Here we’ve a collection of short stories spanning Isaac Babel’s military service in the First Cavalry outfit during the Soviet-Polish war campaign circa 1920. Much of the more intricate narrative molded itself from the loose plaster of Babel’s rather minimalist, surviving journal entries, also separately published. Both the stories and the journal offer insight for not only the historical, eye-witness value, but the creative process.
Remarkable writing, hands down. Among Russian 20th-century prose, I’ve rarely encountered this combination, of this quality. Terse (the stories are very short), but beautiful. Dense, but not overbearingly. A multi-textural suite of contrasts.

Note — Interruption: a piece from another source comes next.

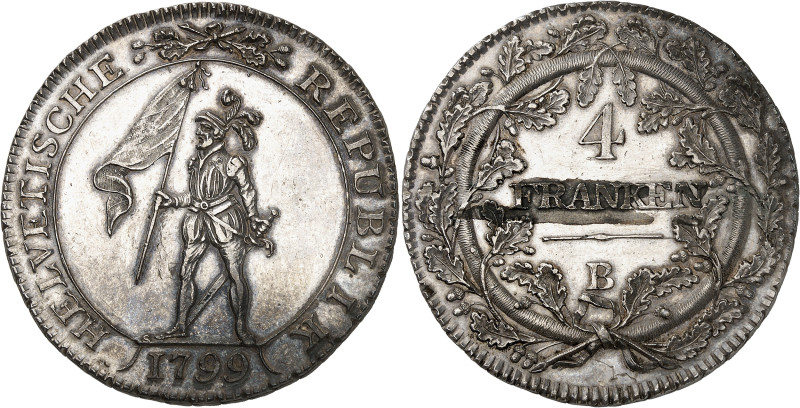 Suisse
République Helvétique (1798-1803) 
Épreuve en argent du 4 francs - 1799...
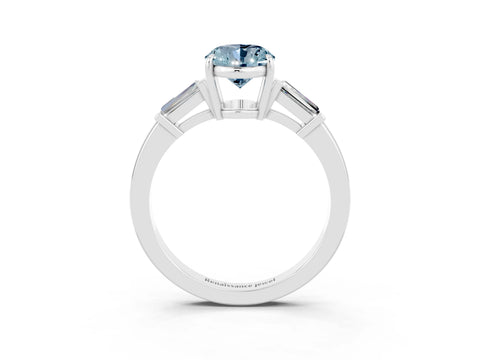 White gold Oval Cut Cut Diamond Ring with Tapered Baguette Side Stones in Four-Prong Setting_3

Side-by-side, like exquisite contra-punctual polyphony, we see bleak brutality with beauty that transcends the eye.
Post-revolutionary military exploits across northwestern Ukraine and southeast Poland: Gunfire, shrapnel, treachery, antisemitism, debris, decrepitude; blunt, premeditated, passionate slaying of men.

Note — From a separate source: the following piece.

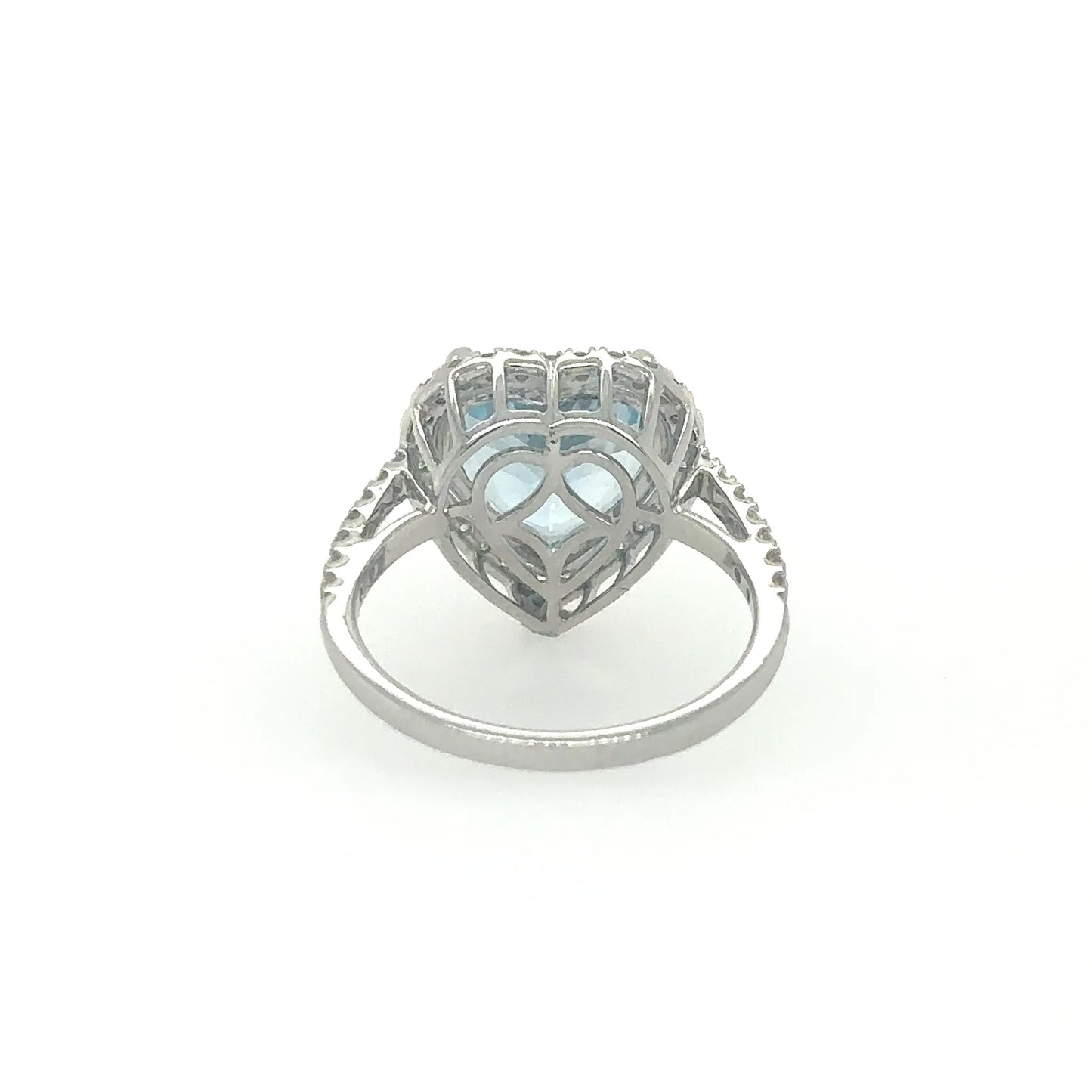 HEART SHAPE AQUAMARINE RING WITH DIAMONDS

Then a sudden tonal transfusion: beautiful landscapes, personal (sardonically twisted) accounts, letter exchanges, Cossack camaraderie (or lack thereof), the housing, the villages, the regionalism.

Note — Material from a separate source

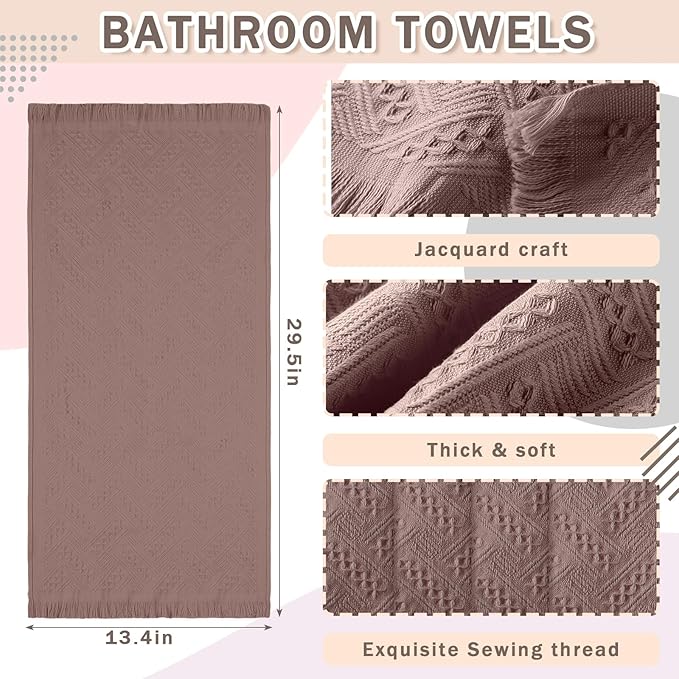 4 Pack Boho Bathroom Hand Towel 14 x 30 Inch 100% Turkish Cotton Decorative Boho Kitchen Hand Towel Farmhouse Bathroom Decor Set Absorbent Soft Guest Tea Gift(Brown)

We tour the Jewish quarters, hear rabbinical discourse, marvel in the ethno-cultural portraits and church architecture. And this being a cavalry unit, naturally, we see to the horse.
Babel often relates through an external lens, even if employing first-person perspective. And not without some expected inventiveness. The fact is not sans fiction.
If not formally a poem, the work exhibits a high poetic coefficient: abundant in digression, repetition, lyricism, metaphors and severe imagery. A handful of stories I could as easily imagine reformatted into lines of free verse without as much as a word changed.
And how about those incessant signature similes, tossed around like Sancho Panza proverbs? And go figure, they don’t feel at all exorbitant. The similes, for their absurdity, seem ever sharp, ever unexpected and ever hilarious.
Speaking of similes and such and other clever constructs, Babel loves repetition, verbatim, time and time again. And yet the device appears but to emblazon, to add integrity and even to aid the narrative continuity.
And how about the dark, devilish satire of character occasioned across such satirical powerhouses as Heller, Mayakovski, or Bulgakov, among the few that come to mind?
A beautiful read, though necessitating my notoriously slowed down pace to account for the military and period idioms, the contractions, the alien objects, and the poetically dense prose. But the adagio asai tempo made it all the more appreciable.
Isaac Babel can sure write. Though I can’t speak for the quality of translated effort out there. Probably dismal. Pursue at own folly.
A handful of my favourite stories from among the 35 comprising the collection: Пан Аполек, Гедали, Мой первый гусь, Кладбище в Козине, История одной лошади, Соль, Афонька Бида, Песня, Сын рабби.
Happy reading.
Questions, comments? Connect.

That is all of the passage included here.